Minimum Acceptable Handling Qualities Rating (MAHQR)
The second item that really caught my attention, was the computation of probabilities related to MAHQR. The document’s Table 2 illustrates the discussion about the Flight Conditions required for Handling Qualities assessments. They define a method for computing the probability of a given flight condition as XFE × XFC × XAD. This is mostly jargon, but the important point is this: Multiply the probability of a Flight Envelope (FE) times the probability of a Failure Condition (FC) times the probability of an Atmospheric Disturbance (AD). For those who have forgotten, they are saying P(A and B) = P(A) × P(B), but this is only true when the events are independent. It is unfortunate that “independence” is such a nuanced topic, but let me try to illustrate.

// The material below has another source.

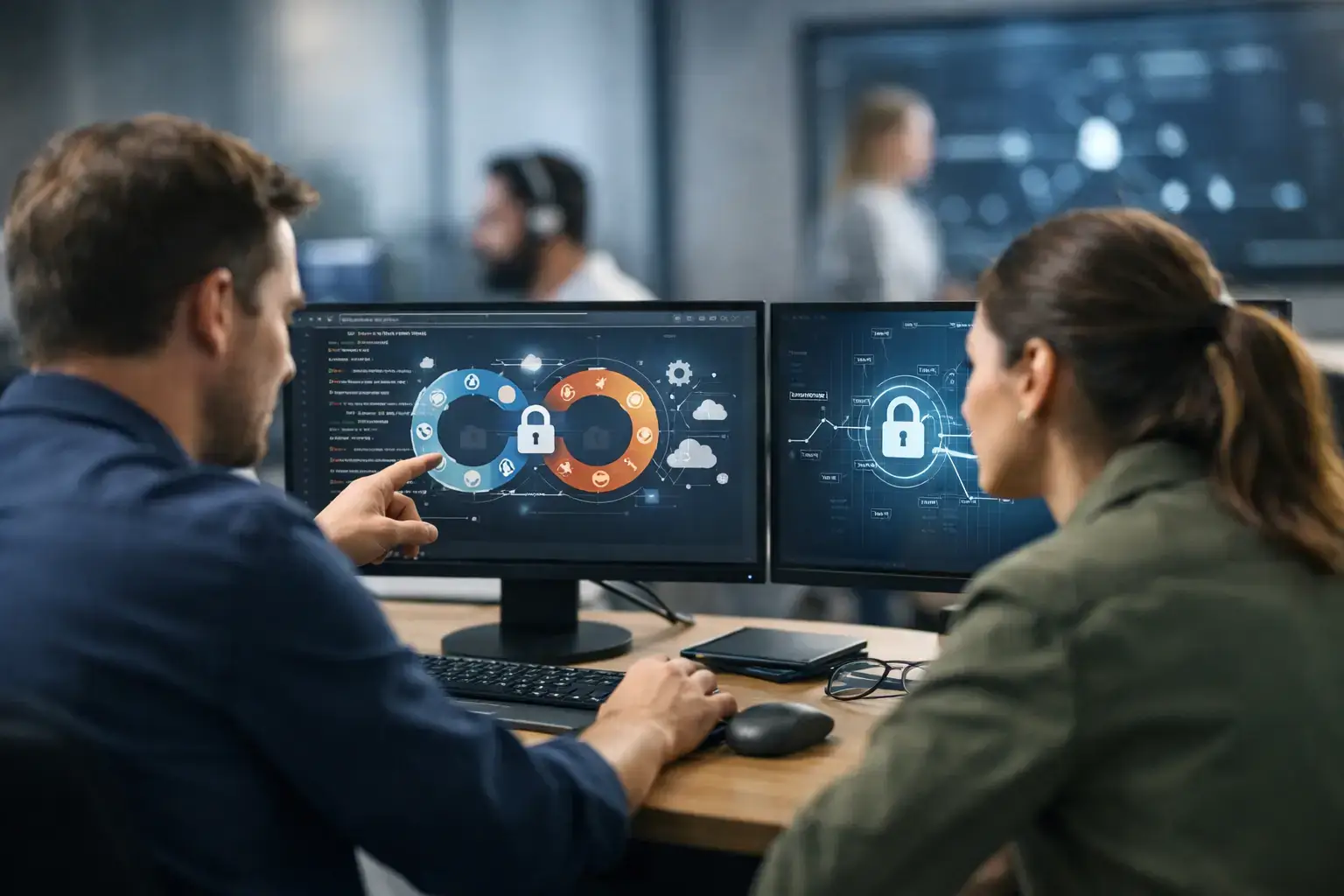 Implementación de procesos DevSecOps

Consider, for example, the flight of a business jet into severe turbulence (which is what EASA means by Atmospheric Disturbance [AD]). Do we believe that an aircraft in severe turbulence is more likely to suffer damage or other failure modes? I recommend the article above, because it will inform your intuition and help you answer the question. The simple fact that an Atmospheric Disturbance (AD) like severe turbulence may increase the chance of a Failure Condition means they are not independent. I believe that EASA knows this, but the ensuing discussion about how to “adjust” seems too vague. I’m not certain that a manger who has to approve the risk could understand it. It is, however, a technical nuance that we need to remember with sufficient familiarity, enough to make us ask someone to explain it, when necessary. I would also point the reader to the pilot’s description of Handling Qualities in the report of the Heaviside crash as relevant to this portion of the description as well. That crash and the wake turbulence event above should also inform our ideas about the frequency (or probability) of these kinds of events, and they might even give us a way to update our beliefs about probability assessments.

Updating our Beliefs
As we close, I want to plant the seed of discussion with one more question. How do we update our beliefs about probability when we gather new data, learn something new, or witness an accident? Knowing how to properly assess the information in that event is the subject of an entirely different column, but it is an equally important one.

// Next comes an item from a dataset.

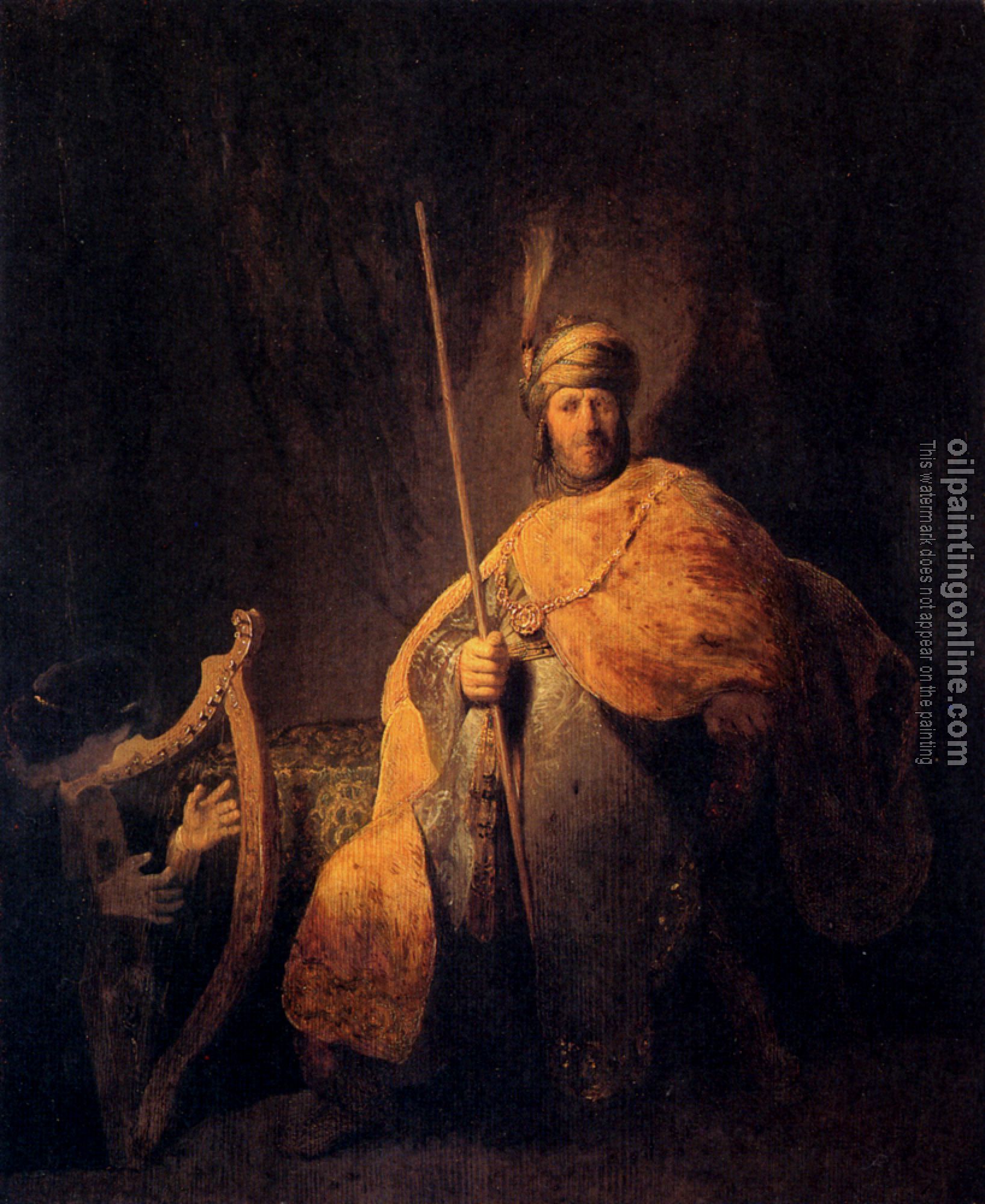 Rembrandt - Rembrandt oil painting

We haven’t covered much of the EASA Proposal, but I believe that what we have covered should make us all pause before we gloss over exponents and quantitative criteria for safe system design and lead us to the following conclusions.

Conclusions and Recommendations
Every good flight test document has a section with conclusions and sometimes a recommendation or two, so I provide mine here. I recommend that you read the document in order to:
1. Learn about an approach to VTOL certification.
2. Review the proposal and provide input by July 24.
3. Familiarize yourself with the growing vocabulary.
4. Grow as a flight test safety professional.
5. Brush the dust off your probability knowledge and skills.

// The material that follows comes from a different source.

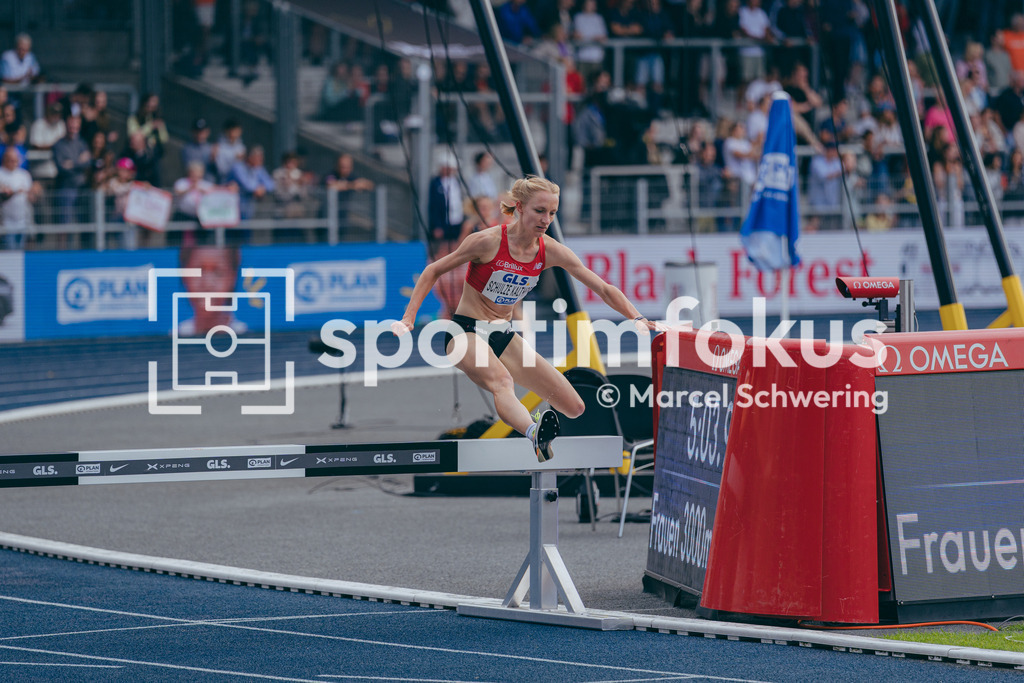 Deutsche Meisterschaften der Frauen und Männer 2026 | Kerstin Schulze Kalthoff, 3000 Meter Hindernis, Finale, LG Brillux MünsterDeutsche Meisterschaften der Frauen und Männer 2026, Lohrheidestadion Bochum-Wattenscheid, 26.07.2026. Foto: Marcel Schwering / sportimfokus - Realisiert mit Pictrs.com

I hope you will glance over the document and reflect thoughtfully on your intuitions about chance and statistics. I believe the short discussion here will dovetail nicely with Animal Javorsek’s paper (next time) which references Brownian motion and its analogy to accident investigation and safety management. I also hope this column helps you sharpen the saw of our quantitative reasoning, a task we must return to regularly and humbly as we gain in qualitative experience in our careers.

This article first appeared in Flight Test Safety Fact, 20-06.